The code is being worked out. It will be applicable to all member cryptocurrency exchanges. It will include standardised annual audits, routine disclosure of company information and funding, KYC checks, improved data storage standards. There will be reassessment of customer risk profile.

In this industry, what is required is balancing between regulations and supervision. There should be steps to improve due diligence.

The board will interact with the authorities to flag the suspicious transactions. The board will certify exchanges. It will have some external members. In this industry, what is required is balancing between regulations and supervision. There should be steps to improve due diligence.

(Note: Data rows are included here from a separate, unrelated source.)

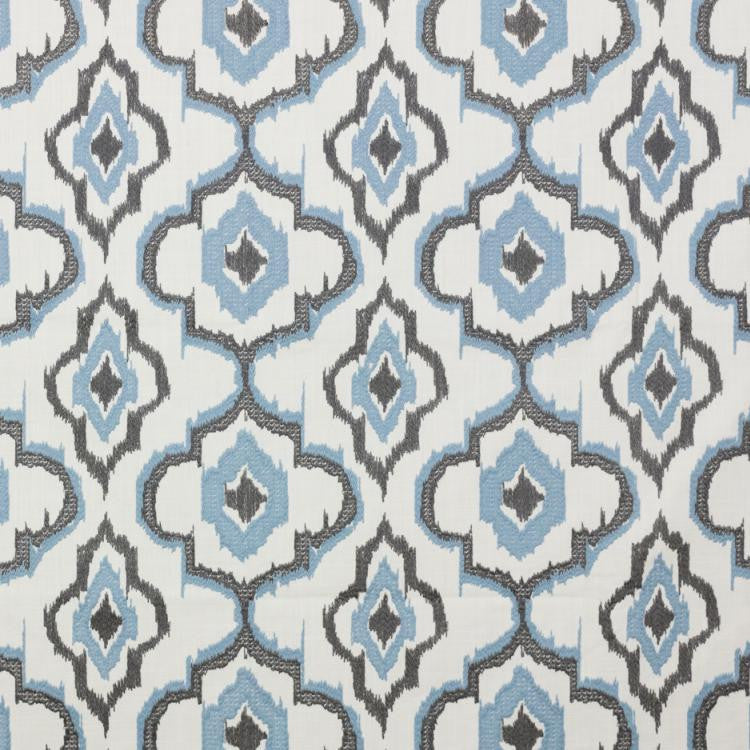 Termiz Ikat Thunder by RM CoCo Fabric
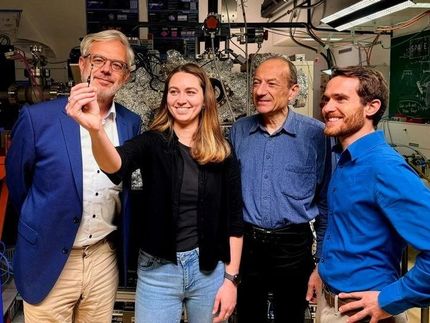 Misurazione di precisione sotto impatto – Quando la bilancia stessa diventa l'oggetto della misurazione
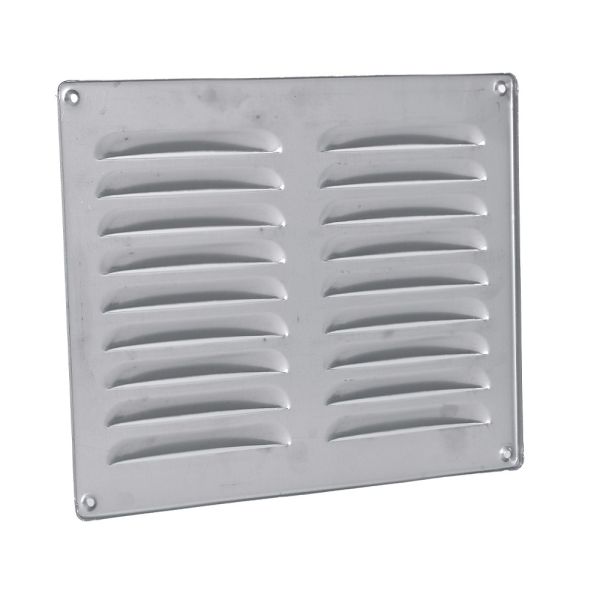 Nedco Schoepenrooster 250x200 mm RVS - 632.014.11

All this is being deliberated. There is an effort to bring the informal nascent industry under one standard authority.

Baby and Bathwater

Big Tech, it is alleged, have used hate speech, and is running all sorts of fake stories. It becomes defensive then. Policy makers rush in to restrain Big Tech. Big Tech needs better regulation and management simply because they have enormous sway over people’s attention and make money from advertisers by monetising this attention. Some are extremely elated when Big Tech is brought to its knees. However, Big Tech is not all that bad. Big Tech is baby which is to be thrown out with bathwater. Is that right?

Big Tech is an inalienable part of our lives. Digital technologies are central to the way we work, play, learn, socialise and entertain ourselves. These Big Tech firms provide vital information round the clock. They help people fight authoritarian tendencies and injustice. They democratise communication. They have taken away monopoly over the audiences by a select few.

Small business in millions are encouraged by the social media. They are connected to their customers. In fact, many start their online journey here. They make available any customer anywhere in the world. Amazon helps digitisation of small business.

Tata’s Proposed Semiconductor Plant

Tata is expected to invest $300 million to set up a semi-conductor assembly and test unit. They are likely to set up the plant in South India. It will make outsourced semiconductor assembly and test (OSAT). Such a plant packages, assembles and tests foundry-made silicon wafers. These are turned into finished semiconductor chips.

As we know, Tatas are very strong on the software side. They would like to add hardware to their product portfolio. It is very critical for long-term growth.

The potential clients for OSATs are Intel, Advanced Micro Devices (AMD) and STMicroelectronics. Separately, Tata is already building a high-tech electronics manufacturing facility in Tamil Nadu.

AI and Uncertainty

A car is being driven by AI-assisted engine. In a particular situation, it predicts that killing the occupants of the car would save many more lives in the event of an upcoming crash. This decision must be made in seconds. Should the occupant be killed or saved?

Consider an AI-monitored weapon system. In a war, it decides to kill a thousand persons to save a million lives. AI has to make the choice.

It is not easy to figure out its preference ordering. Even those who program it cannot do it. It is not known what goes into the black-box of decision making.

A chess game AlphaZero purely trained on ML was simply fed the rules of the game, and to maximise the wins. It was not trained by humans. It did the rest. It breached the limits of the game. It sacrificed unusual pieces including the Queen to win.

Halicin, MIT-designed AI programme identified a drug molecule out of many that worked against target bacteria. It worked like a chess game. It found a new antibiotic.

It is uncertain how these programmes achieved their goals.